Evergreen Solar announced in January that it would shutter its Devens manufacturing facility and send over 800 jobs to China, despite the $58 million in job creation and development subsidies it received from the state. Fidelity’s March announcement that it would be relocating approximately 1,100 jobs to two neighboring states from its Marlborough facility also came as an insult to the state; in the 1990s – at Fidelity’s urging and great cost to the state – Massachusetts altered its state tax code to apply single sales factor (SSF) corporate income tax calculation to mutual fund firms. Weak accountability standards and a lack of safeguards in the state’s subsidy programs mean that Massachusetts will be able to recoup very little from Evergreen and nothing from Fidelity of the subsidies they received to create and maintain jobs in the state.
Executives from both companies were questioned by lawmakers last week about their acceptance of job subsidies and subsequent decisions to move jobs out of Massachusetts. Evergreen Solar CEO, Michael El-Hillow, stated during the hearing that the company would not be repaying the $21 million it received as direct cash grants and tax credits from the state. Fidelity’s major economic development subsidy, provided in the form of reduced corporate income tax responsibility through the SSF calculation, is impossible to recapture. However, even some lawmakers who voted for the passage of SSF are now questioning its value to the state’s economic development efforts. During the hearing Senator Mark Montigny, chairman of the Senate Post Audit and Oversight Committee, stated that he expected SSF “not to continue in perpetuity with no oversight” or accountability.
Prompted by these revelations, the Massachusetts State Auditor issued a preliminary review of business tax expenditures this week. She found that of 91 business tax expenditures, only 8 include a sunset clause, just 10 contain clawback provisions, and only 19 have public disclosure or accountability reporting requirements. (Program sunsets, clawback provisions, and public disclosure are among the most basic and most critical aspects of key subsidy reforms supported by Good Jobs First.) Massachusetts passed its first public disclosure law last year, which covers only the recipients of refundable or transferable tax credits.

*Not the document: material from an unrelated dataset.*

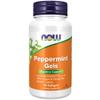 NOW Supplements, Peppermint Gels with Ginger & Fennel Oils, Enteric Coated, Digestive Support*, 90 Softgels view 1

This law, though a good first step towards strong public disclosure, is narrow and incomplete compared to other states’ disclosure practices. It would be leapfrogged by S153/H2565: An Act to Promote Efficiency and Transparency in Economic Development, legislation currently being examined by the Joint Committee on Revenue. Over 50 legislators, including primary sponsor Sen. Jamie Eldridge, are co-sponsoring the omnibus economic development reform bill. Among its many provisions are the following major subsidy reforms:
- Transparency, including spending transparency via a Unified Development Budget
- Enhanced online disclosure of job creation and performance monitoring
- Mandatory clawback provisions; and
- Job quality standards
If enacted, the bill would protect Massachusetts’ future investments in economic development and ensure that companies can no longer take taxpayers’ money and run.